We had a delicious dinner at Luna Red one night, devouring paella and sangria on their lovely patio. I’ve also talked more in-depth about Ox & Anchor and Ventana Grill up above so check those out for a fancier dinner. The Madonna Inn is a quirkier choice as well.
One other option, whether for brunch, or a fancier lunch or dinner, is Brasserie SLO. Located in Hotel Cerro in downtown San Luis Obispo, we had brunch here on my last day, and I enjoyed a bellini, smoked salmon and pea quiche, and their lemon ricotta waffles w/blueberry compote.
And then there are so many good quicker food options and also GREAT coffee shops. You know I love me a coffee shop and bakery when I travel. Here were the ones we visited (the first two I go in-depth on above):
- Scout Coffee Co – A must-visit in San Luis Obispo (two locations)!

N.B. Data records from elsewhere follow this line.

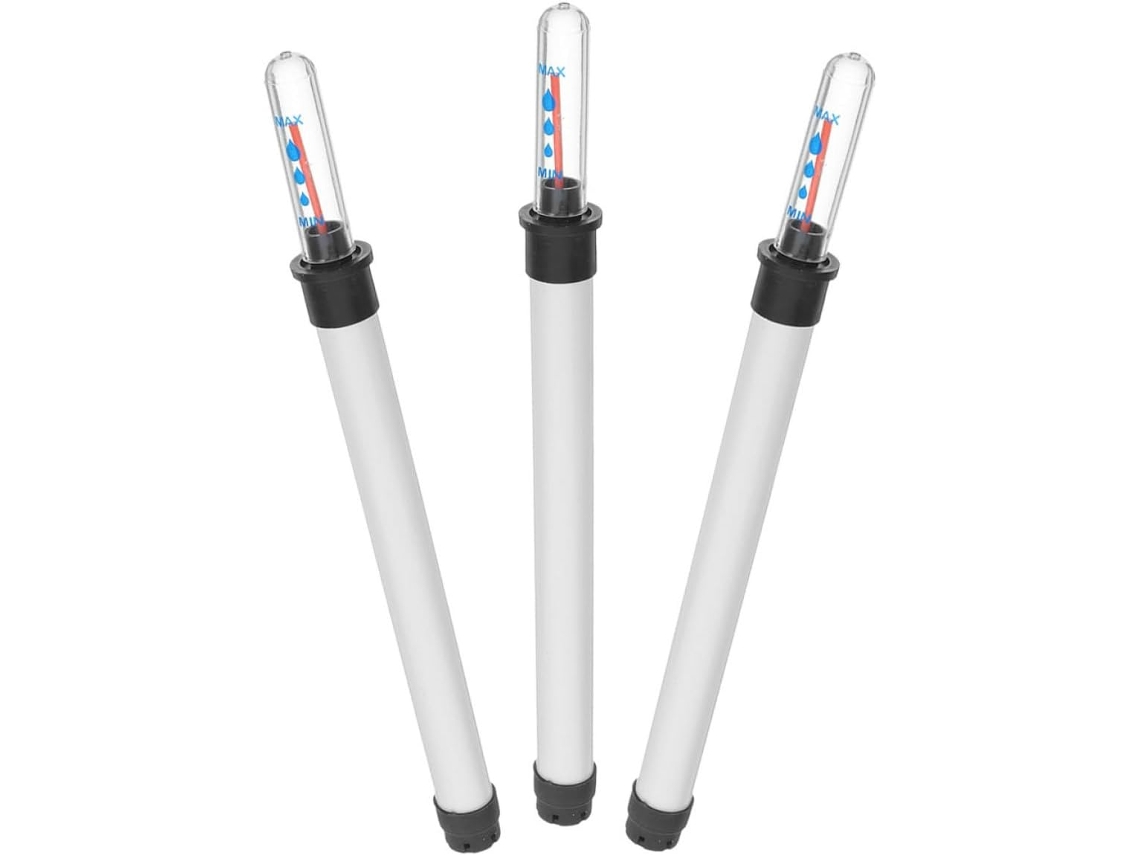 Kit de 3 Indicadores de Nível de Água para Plantas, em Plástico Branco, Prático E, para Uso em Jardins e Ambientes CHABERLU
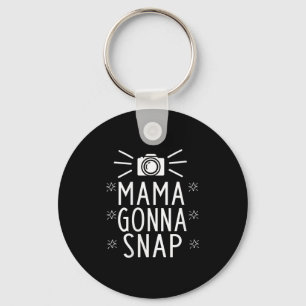 Womens Mother Gonna Snap Funny Mom Birthday Gift Q Key Ring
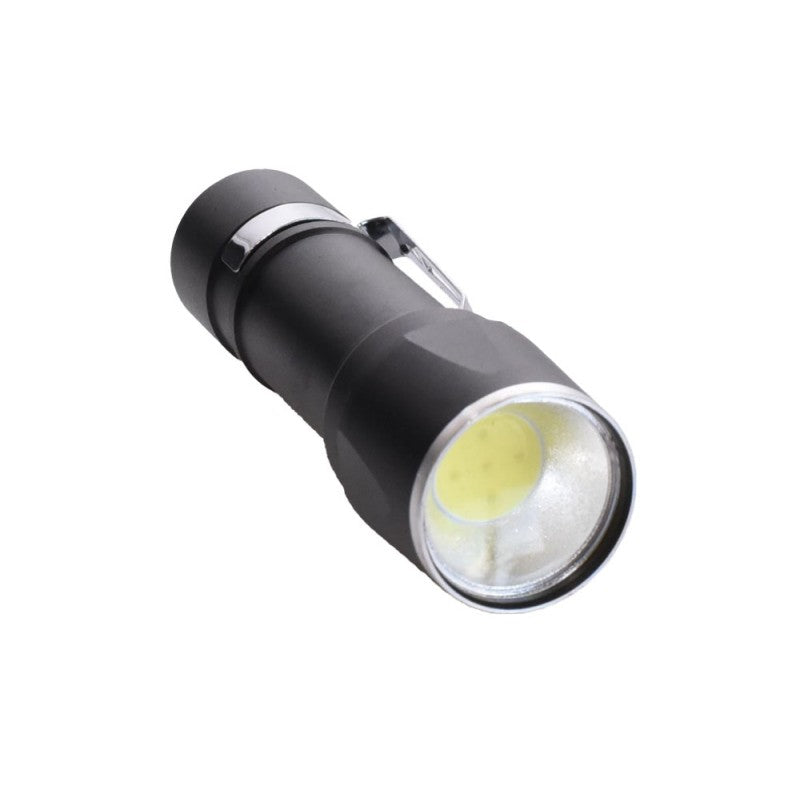 Lanterna Neagra cu Led Cob 3xR3 AAA - Frize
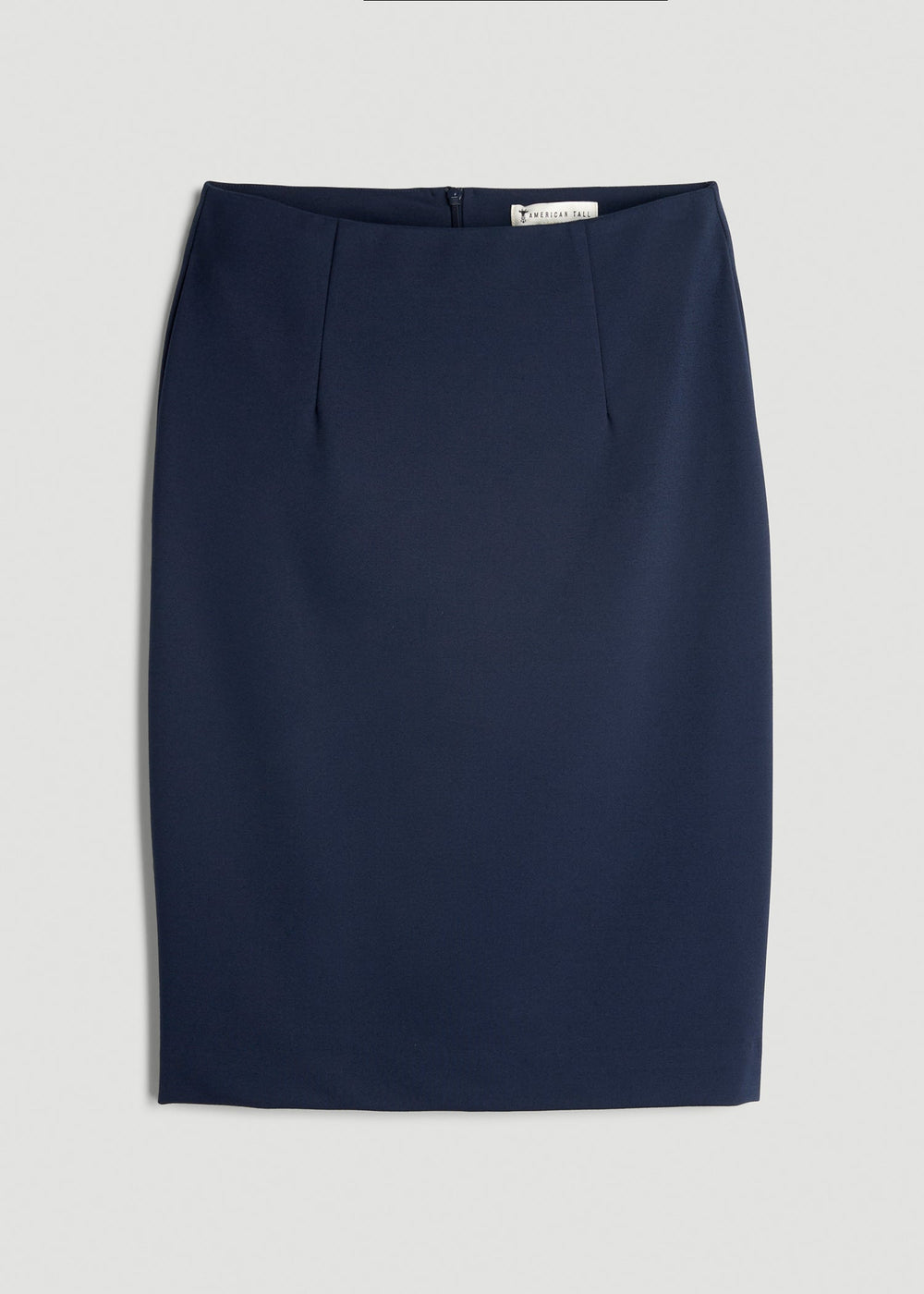 American Tall Sale | Freedom Flex Pencil Skirt for Tall Women in Navy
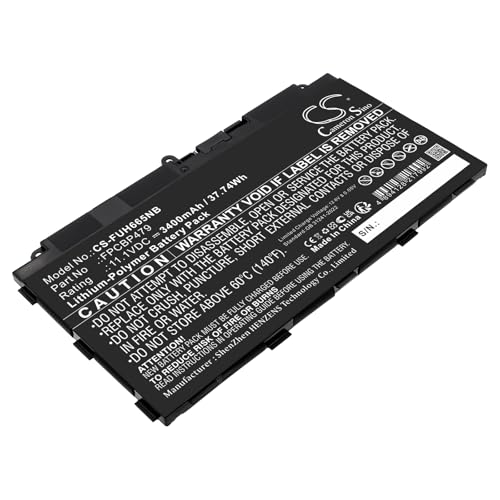 TECHTEK Batterie pour Ordinateur Portable 3400mAh Compatible avec [Fujitsu] Stylistic Q616, Stylistic Q665, Q738, Q739 remplace CP785375-XX, FPCBP479
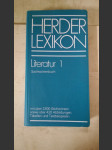 Herder Lexikon Literatur 1: Sachwörterbuch - náhled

Get the sunshine syrup in your latte, and try the baked goods
- Kraken Coffee Company – A few locations, we visited their delightful beachfront spot in Avila Beach for great coffee and good pastries
- Blackhorse Espresso & Bakery – A little less fancy and hipster-feeling than the other two, simple cute space. I got a maple white mocha which was pretty good.
- Old West Cinnamon Rolls – I don’t think their coffee is impressive, but these cinnamon buns are…whoa.
If you’re looking for quicker options, Shalimar had delicious Indian delivery, and we also got our yummy picnic lunches at DePalo & Sons (a great little Italian grocer and deli). Grabbing a bite at one of the many food stands in San Luis Obispo Public Market is also a great choice. And we had a healthy, fast lunch at Seeds one day (think avocado toast, sandwiches, and smoothies),
WHEW! It’s insane how much you can cram into a long weekend in the San Luis Obispo area.